● What you should do:
Lines containing the word "Country" are the ones to copy from the records below.

● Data for analysis:
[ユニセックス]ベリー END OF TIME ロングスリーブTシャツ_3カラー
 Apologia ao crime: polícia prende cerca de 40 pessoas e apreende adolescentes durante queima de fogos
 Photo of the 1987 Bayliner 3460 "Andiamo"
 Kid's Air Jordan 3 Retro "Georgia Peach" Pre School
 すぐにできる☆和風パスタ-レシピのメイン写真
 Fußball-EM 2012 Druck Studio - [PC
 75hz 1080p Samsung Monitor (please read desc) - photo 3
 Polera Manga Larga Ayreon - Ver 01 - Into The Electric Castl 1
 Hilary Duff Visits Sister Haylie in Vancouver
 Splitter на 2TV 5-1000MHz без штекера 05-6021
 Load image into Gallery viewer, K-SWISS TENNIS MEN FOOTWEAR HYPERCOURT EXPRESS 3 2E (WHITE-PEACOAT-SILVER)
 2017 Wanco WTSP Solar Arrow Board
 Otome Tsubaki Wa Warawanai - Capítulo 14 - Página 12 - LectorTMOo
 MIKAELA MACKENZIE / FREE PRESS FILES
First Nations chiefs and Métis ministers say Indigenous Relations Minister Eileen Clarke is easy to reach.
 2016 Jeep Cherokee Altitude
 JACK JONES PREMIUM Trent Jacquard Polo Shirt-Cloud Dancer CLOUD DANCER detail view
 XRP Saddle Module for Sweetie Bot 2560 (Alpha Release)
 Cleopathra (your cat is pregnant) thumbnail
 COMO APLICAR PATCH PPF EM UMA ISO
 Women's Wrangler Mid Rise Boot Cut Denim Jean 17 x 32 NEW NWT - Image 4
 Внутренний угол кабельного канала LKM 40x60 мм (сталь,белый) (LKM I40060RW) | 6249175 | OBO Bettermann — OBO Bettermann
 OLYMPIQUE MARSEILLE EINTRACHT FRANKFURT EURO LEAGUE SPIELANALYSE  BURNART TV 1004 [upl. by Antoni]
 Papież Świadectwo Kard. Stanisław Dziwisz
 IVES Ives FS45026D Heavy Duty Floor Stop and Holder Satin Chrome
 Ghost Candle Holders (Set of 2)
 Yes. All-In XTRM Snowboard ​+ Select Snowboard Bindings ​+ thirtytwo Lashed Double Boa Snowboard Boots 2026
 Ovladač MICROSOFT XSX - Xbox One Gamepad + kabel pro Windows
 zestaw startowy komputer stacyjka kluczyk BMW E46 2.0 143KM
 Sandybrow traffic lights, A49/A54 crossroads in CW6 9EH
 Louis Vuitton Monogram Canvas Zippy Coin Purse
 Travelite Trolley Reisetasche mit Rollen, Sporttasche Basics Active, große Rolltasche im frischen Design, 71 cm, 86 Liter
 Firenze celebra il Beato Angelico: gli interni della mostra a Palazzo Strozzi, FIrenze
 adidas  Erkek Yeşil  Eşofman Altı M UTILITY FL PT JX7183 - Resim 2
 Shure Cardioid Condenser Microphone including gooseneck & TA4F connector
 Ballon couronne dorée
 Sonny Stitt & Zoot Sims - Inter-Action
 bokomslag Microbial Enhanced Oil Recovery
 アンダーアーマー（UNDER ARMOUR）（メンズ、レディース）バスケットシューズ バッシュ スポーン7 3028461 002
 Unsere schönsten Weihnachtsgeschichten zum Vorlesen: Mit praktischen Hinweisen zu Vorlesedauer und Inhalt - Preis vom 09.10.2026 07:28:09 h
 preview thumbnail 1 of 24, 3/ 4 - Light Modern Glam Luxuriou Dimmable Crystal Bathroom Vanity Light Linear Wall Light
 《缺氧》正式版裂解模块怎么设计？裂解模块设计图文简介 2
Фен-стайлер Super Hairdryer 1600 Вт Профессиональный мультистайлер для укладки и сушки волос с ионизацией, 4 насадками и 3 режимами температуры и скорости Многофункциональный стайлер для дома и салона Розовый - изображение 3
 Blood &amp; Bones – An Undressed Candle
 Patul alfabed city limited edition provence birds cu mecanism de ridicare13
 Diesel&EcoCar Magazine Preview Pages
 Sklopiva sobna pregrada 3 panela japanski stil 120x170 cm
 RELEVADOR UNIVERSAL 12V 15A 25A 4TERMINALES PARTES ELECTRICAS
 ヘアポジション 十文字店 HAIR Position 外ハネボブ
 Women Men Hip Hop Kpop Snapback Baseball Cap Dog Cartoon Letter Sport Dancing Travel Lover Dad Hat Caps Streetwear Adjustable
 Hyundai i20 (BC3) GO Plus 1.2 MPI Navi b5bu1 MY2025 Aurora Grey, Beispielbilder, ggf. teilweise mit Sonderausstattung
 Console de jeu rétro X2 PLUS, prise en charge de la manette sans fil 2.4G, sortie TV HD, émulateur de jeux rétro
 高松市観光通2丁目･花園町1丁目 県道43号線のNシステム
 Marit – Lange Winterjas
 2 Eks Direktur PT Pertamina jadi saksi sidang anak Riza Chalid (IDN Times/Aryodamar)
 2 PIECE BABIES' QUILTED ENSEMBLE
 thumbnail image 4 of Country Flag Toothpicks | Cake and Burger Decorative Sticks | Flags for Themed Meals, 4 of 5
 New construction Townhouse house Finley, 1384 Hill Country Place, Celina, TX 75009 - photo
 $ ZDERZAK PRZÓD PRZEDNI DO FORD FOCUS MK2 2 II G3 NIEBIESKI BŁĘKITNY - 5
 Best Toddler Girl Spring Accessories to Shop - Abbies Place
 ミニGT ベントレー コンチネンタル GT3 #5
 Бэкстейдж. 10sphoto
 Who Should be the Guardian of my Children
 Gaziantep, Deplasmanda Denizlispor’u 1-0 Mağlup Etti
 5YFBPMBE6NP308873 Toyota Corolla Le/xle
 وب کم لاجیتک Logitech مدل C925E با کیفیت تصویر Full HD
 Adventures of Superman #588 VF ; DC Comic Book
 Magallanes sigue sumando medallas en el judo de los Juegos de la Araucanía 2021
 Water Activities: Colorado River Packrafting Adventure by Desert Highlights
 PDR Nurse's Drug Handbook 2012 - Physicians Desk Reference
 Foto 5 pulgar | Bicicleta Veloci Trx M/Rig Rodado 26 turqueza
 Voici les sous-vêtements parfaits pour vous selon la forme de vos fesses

● Finished task:
 thumbnail image 4 of Country Flag Toothpicks | Cake and Burger Decorative Sticks | Flags for Themed Meals, 4 of 5
 New construction Townhouse house Finley, 1384 Hill Country Place, Celina, TX 75009 - photo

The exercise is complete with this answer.